Voilà une série documentaire qui tombe à pic : à l’heure où les alertes sur la dangerosité des réseaux sociaux se multiplient des deux côtés de l’Atlantique, Social Studies propose une immersion aussi émouvante qu’effrayante dans la vie numérique de la génération Z. La réalisatrice américaine Lauren Greenfield a ainsi filmé le quotidien de dizaines d’adolescents de Los Angeles, qui ont partagé pendant une année scolaire le contenu de leurs smartphones. Une expérience inédite pour un triste constat.
«Plusieurs ont des sentiments mitigés à l’égard des réseaux sociaux et sont très conscients des effets, pour la plupart négatifs, qu’ils ont sur eux», résumait la documentariste de 58 ans lors d’une conférence cet été.
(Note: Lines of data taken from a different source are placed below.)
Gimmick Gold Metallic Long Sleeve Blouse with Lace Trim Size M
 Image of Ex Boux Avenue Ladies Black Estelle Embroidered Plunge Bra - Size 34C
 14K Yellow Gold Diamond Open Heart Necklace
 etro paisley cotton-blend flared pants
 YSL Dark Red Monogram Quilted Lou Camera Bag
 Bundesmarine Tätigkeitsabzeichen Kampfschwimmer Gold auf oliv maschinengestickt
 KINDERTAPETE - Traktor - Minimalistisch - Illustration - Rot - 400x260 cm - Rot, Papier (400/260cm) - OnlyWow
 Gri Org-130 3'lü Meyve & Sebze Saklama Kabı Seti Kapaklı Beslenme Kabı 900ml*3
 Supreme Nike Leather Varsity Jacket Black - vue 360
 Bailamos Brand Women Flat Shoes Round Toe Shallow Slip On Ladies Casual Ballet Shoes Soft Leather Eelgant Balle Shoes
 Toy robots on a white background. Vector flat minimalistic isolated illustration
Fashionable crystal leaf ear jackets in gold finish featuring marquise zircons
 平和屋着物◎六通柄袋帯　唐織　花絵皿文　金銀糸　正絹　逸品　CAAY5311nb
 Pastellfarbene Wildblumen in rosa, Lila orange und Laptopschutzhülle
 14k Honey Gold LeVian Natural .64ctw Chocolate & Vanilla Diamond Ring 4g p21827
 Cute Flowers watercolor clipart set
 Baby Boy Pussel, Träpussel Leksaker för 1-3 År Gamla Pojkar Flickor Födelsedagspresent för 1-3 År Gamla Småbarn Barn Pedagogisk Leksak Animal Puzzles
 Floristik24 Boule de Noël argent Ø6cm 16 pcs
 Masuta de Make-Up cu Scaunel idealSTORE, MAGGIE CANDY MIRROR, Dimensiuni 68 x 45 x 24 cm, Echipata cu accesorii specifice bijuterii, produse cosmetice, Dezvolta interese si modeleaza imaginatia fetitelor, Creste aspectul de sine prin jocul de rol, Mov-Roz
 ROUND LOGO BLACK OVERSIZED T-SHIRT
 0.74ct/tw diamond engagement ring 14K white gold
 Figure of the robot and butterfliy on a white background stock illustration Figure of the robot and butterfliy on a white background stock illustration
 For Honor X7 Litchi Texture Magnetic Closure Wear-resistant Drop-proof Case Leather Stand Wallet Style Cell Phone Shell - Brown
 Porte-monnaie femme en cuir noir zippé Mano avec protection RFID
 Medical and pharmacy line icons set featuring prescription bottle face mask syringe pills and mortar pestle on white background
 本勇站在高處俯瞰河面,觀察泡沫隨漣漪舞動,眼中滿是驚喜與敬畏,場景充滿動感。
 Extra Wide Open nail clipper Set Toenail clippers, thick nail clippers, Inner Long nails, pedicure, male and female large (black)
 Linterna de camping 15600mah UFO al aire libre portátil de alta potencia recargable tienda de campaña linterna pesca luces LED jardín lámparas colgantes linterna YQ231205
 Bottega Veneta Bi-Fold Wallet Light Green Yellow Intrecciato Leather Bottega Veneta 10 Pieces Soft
En cinq épisodes d’un peu moins d’une heure, le téléspectateur découvre à quel point l’adolescence est particulièrement difficile à traverser dans un monde gouverné par les algorithmes.
Les destins entremêlés de ces jeunes âgés de 16 à 20 ans révèlent la pression sociale permanente induite par les plateformes. On rencontre par exemple Sydney, qui multiplie les tenues révélatrices sur son compte Instagram pour avoir des likes, Jonathan, élève studieux incapable d’intégrer les universités d’élite et immédiatement confronté aux stories des heureux admis, ou encore Cooper, perturbée par des comptes qui glorifient l’anorexie. «Je crois que plein d’adolescent(e)s se sentent comme de la merde à cause des réseaux sociaux, mais ils ne savent pas comment s’en passer», lâche cette jeune Américaine.
Cercles de parole
L’accès au contenu des comptes personnels de chacun offre un rare aperçu de l’univers dématérialisé qui façonne l’imagination de la première génération née avec les plateformes. On y voit comment les jeunes modifient leurs corps en un glissement de doigts avant de publier des photos, la panique qui s’empare d’un lycée à cause de rumeurs sur une fausse fusillade ou l’influence sur leurs premiers ébats de pratiques sadomasochistes exaltées en ligne.
«C’est difficile de différencier ce qu’on vous a mis dans la tête et ce que vous aimez vraiment», confie une jeune fille lors d’une discussion collective filmée. Émouvants, ces cercles de parole entre adolescents rythment toute la série. Ils révèlent les contradictions entre l’image projetée par les jeunes en ligne et leurs aspirations réelles : ils se plaignent de harcèlement, du manque de régulation des réseaux et des normes de beauté matraquées sur leur smartphone.
Adolescents «experts»
«Si je vois des gens avec des abdominaux, je me dis : « Je veux ça. Parce que peut-être que les gens m’aimeraient plus »», soupire un adolescent. Le documentaire ne tombe pas non plus dans le catastrophisme. Il montre également une adolescente transgenre en rupture avec sa mère, qui trouve une seconde famille grâce aux plateformes, ou un jeune DJ qui y promeut ses soirées. Mais il dresse surtout le portrait d’une génération déboussolée face au grand tourbillon numérique.
À 17 ans, Ivy s’avoue ainsi «anxieuse» et quitte les réseaux sociaux pendant ses vacances. Mais elle se révèle incapable de vivre sans sur le long terme. «Les experts, ce sont les adolescents», insiste Lauren Greenfield, qui a abordé ce projet «sans idée reçue» et a volontairement exclu d’interviewer des psychologues ou des informaticiens. Sans voix off, cette série, qui a débuté vendredi sur la chaîne américaine FX – et sera disponible ultérieurement sur Disney+ dans certains pays à l’international – ne profère pas de jugements. Mais elle résonne avec de multiples alertes sanitaires.
«Mesures collectives»
En France, le président Emmanuel Macron avait ainsi plaidé en juin pour interdire l’usage du téléphone avant onze ans et des réseaux sociaux avant quinze ans, après la remise d’un rapport soulignant «l’hyperconnexion subie» des enfants. Aux États-Unis, le médecin-chef du pays réclame officiellement que les réseaux sociaux publient des avertissements, comme pour la cigarette, «pour alerter des dangers importants qu’ils représentent pour la santé mentale des adolescents».
L’interdiction du smartphone à l’école devient aussi l’un des rares consensus politique aux États-Unis. La Floride, dirigée par un républicain, l’a mise en place, et le gouverneur démocrate de Californie a promulgué une loi en ce sens. «Les mesures collectives sont le seul moyen d’agir», approuve Lauren Greenfield. Les jeunes disent tous que «si vous êtes le seul à vous déconnecter, vous perdez votre vie sociale».
Social Studies, de Lauren Greenfield. Actuellement sur FX.